Dobler also played with the New Orleans Saints and the Buffalo Bills. Ten years of pro football exacted a toll, however.
“When you hit someone 265 [pounds] as hard as you can, you hurt yourself a little bit,” he said when he was 31. “I’ll have plastic knees by the time I am 50. The NFL doesn’t pay for that — you’re on your own.”
In 2016 he opened up to USA Today about his fading memory, a possible result of repeated blows.

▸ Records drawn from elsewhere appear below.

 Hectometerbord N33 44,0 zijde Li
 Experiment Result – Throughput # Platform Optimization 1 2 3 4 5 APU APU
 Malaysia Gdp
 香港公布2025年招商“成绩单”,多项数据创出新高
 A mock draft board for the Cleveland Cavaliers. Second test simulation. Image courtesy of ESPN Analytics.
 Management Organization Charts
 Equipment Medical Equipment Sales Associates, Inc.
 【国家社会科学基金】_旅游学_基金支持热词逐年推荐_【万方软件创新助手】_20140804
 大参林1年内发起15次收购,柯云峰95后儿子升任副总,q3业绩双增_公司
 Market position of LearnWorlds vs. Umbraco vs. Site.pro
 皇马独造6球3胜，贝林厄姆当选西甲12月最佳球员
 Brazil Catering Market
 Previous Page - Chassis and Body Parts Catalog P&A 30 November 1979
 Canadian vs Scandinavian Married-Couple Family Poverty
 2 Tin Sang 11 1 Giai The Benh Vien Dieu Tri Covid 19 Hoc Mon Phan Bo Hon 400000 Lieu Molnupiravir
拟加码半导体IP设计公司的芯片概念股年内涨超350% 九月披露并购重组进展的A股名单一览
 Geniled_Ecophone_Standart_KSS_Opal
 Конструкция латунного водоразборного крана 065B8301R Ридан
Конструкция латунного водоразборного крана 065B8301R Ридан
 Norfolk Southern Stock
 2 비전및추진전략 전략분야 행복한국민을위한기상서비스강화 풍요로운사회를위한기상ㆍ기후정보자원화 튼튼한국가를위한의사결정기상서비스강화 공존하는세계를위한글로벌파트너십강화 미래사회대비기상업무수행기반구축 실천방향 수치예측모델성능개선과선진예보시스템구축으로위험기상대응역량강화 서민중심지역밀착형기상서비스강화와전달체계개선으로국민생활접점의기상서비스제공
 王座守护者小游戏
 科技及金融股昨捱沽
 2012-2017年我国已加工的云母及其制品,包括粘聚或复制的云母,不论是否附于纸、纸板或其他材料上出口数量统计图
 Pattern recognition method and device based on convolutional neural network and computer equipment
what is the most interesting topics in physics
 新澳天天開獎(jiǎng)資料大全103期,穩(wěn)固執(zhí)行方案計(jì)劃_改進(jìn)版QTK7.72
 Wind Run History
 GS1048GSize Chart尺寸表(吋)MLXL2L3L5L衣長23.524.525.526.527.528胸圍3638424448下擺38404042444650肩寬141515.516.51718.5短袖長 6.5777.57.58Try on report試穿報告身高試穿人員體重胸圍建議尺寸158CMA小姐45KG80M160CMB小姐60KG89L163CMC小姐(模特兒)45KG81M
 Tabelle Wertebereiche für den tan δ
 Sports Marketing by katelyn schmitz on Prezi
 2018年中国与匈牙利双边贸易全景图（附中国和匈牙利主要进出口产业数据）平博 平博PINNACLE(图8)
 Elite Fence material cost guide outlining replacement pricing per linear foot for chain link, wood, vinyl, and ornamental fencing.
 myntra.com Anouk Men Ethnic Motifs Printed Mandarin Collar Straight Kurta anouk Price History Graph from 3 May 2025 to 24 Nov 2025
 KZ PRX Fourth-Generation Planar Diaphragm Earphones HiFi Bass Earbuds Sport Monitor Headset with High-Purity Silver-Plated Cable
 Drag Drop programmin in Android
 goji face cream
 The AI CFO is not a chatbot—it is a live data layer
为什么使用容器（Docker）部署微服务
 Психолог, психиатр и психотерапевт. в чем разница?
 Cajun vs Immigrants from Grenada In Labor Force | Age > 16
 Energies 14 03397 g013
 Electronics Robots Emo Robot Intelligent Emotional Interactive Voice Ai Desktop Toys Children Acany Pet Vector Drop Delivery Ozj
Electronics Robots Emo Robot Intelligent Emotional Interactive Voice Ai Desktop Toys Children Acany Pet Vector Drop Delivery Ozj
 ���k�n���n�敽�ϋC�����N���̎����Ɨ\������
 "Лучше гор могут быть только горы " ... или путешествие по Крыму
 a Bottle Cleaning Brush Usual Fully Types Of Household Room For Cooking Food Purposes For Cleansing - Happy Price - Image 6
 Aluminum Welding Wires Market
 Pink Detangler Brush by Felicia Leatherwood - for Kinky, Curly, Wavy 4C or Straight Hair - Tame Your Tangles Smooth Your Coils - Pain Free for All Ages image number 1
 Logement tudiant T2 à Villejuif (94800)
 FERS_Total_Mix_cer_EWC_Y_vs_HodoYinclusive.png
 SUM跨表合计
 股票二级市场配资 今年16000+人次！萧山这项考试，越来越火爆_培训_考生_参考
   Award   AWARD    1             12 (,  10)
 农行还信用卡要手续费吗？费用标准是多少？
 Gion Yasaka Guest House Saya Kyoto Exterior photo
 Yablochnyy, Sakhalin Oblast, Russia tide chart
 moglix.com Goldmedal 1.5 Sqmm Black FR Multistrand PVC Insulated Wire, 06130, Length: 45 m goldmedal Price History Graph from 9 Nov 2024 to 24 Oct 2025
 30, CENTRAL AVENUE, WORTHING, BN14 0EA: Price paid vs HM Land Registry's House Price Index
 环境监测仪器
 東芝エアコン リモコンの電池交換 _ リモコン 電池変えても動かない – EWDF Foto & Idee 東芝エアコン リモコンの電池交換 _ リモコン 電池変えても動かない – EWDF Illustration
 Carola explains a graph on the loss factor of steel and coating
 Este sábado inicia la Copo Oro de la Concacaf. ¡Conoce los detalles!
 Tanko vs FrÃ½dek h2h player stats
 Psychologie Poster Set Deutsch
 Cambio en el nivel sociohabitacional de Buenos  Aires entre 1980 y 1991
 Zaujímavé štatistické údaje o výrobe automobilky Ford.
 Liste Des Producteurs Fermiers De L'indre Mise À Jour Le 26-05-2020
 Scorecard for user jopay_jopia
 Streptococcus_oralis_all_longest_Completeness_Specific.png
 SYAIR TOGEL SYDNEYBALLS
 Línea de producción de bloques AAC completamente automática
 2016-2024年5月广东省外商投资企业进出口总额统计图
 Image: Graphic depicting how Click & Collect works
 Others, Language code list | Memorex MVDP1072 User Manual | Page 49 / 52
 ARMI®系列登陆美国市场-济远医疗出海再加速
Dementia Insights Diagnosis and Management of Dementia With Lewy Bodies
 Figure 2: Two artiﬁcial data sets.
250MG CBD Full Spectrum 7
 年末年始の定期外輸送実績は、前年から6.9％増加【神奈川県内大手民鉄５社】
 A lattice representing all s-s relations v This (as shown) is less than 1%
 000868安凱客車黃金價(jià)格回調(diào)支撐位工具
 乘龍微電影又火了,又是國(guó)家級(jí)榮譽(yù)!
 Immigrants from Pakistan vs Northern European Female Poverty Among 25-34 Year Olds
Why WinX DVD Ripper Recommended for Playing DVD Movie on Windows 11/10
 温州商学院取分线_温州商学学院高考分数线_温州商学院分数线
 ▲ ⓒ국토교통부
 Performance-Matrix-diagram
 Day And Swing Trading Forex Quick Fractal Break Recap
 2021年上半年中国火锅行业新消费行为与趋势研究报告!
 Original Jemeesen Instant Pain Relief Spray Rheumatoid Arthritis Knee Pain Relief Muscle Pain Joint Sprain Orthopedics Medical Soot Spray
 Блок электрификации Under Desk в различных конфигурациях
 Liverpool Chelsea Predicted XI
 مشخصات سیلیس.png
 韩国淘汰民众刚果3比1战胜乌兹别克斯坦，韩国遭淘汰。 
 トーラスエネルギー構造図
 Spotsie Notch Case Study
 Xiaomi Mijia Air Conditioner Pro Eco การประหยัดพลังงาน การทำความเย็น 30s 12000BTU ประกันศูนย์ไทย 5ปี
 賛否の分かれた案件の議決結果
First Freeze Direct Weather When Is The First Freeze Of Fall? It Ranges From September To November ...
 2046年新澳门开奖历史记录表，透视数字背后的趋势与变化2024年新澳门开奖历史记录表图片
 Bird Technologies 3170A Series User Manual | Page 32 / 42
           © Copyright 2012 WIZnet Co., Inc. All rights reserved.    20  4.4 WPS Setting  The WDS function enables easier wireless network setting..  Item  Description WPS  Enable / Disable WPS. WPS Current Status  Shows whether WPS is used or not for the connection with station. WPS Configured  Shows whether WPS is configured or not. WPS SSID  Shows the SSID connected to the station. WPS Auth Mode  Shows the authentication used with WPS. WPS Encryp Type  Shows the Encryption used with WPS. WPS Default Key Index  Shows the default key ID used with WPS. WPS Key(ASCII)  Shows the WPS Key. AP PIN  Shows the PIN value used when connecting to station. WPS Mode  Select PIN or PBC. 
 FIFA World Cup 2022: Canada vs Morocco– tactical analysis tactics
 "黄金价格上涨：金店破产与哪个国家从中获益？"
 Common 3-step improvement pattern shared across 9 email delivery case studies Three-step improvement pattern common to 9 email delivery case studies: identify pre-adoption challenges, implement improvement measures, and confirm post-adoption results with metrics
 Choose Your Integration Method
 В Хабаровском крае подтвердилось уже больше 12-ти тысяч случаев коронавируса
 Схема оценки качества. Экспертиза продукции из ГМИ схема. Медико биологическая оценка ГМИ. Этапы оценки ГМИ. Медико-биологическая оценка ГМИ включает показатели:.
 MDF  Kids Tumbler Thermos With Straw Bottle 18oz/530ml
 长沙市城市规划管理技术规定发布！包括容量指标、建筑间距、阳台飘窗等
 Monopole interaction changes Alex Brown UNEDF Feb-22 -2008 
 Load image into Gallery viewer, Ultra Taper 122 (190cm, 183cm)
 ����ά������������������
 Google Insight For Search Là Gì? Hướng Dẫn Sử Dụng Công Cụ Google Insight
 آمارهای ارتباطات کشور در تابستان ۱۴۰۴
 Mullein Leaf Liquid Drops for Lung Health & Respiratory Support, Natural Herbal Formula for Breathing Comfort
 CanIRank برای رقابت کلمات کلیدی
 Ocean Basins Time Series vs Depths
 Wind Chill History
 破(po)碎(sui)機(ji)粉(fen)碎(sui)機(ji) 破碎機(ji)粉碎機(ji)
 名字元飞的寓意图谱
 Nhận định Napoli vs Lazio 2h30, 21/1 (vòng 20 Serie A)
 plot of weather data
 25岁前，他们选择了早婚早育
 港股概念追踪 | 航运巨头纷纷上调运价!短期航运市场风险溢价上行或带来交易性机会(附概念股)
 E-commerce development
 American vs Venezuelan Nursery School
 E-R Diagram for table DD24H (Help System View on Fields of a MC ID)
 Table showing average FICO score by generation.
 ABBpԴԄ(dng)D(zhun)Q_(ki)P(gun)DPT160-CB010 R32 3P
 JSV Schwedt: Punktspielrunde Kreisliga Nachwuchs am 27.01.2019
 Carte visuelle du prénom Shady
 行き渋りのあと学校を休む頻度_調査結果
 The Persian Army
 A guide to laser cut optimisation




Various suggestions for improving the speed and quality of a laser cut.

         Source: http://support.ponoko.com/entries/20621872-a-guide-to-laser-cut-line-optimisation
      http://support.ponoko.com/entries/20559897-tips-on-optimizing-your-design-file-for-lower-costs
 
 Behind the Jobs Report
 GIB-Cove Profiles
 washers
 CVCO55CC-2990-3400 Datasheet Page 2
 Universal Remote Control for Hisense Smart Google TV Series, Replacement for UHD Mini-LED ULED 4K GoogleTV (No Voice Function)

At times he’d blank on the names of his six children or how many strokes he’d taken down a golf fairway.
In a 2019 story, writer Tucker said Dobler’s injuries had turned him into “a shell of his former self.” In Dobler’s playing days little was known about the consequences of repeated impacts to the head, UW’s McKinney said.
There were smelling salts on the sidelines, and a fundamental expectation that players would go back in and play “whether they were concussed or not,” McKinney said.
“It’s too bad [for]Conrad Dobler and all the hundreds of other college [and professional players] who went through those injuries,” McKinney said “We didn’t consider them serious [injuries]. We thought they were tough guys.”
Regardless of reputation, deserved or otherwise, athletes who make it in the professional ranks lend Wyoming a sense of pride, University spokesman Chad Baldwin said. Wyoming won’t forget Conrad Dobler.
Dobler himself remained a UW fan. “As famous as he became, he didn’t forget Wyoming,” McKinney said.
“I would run into him at various places where he might come to our games,” McKinney said. “He would show up at road games, very proud of being a Wyoming Cowboy.”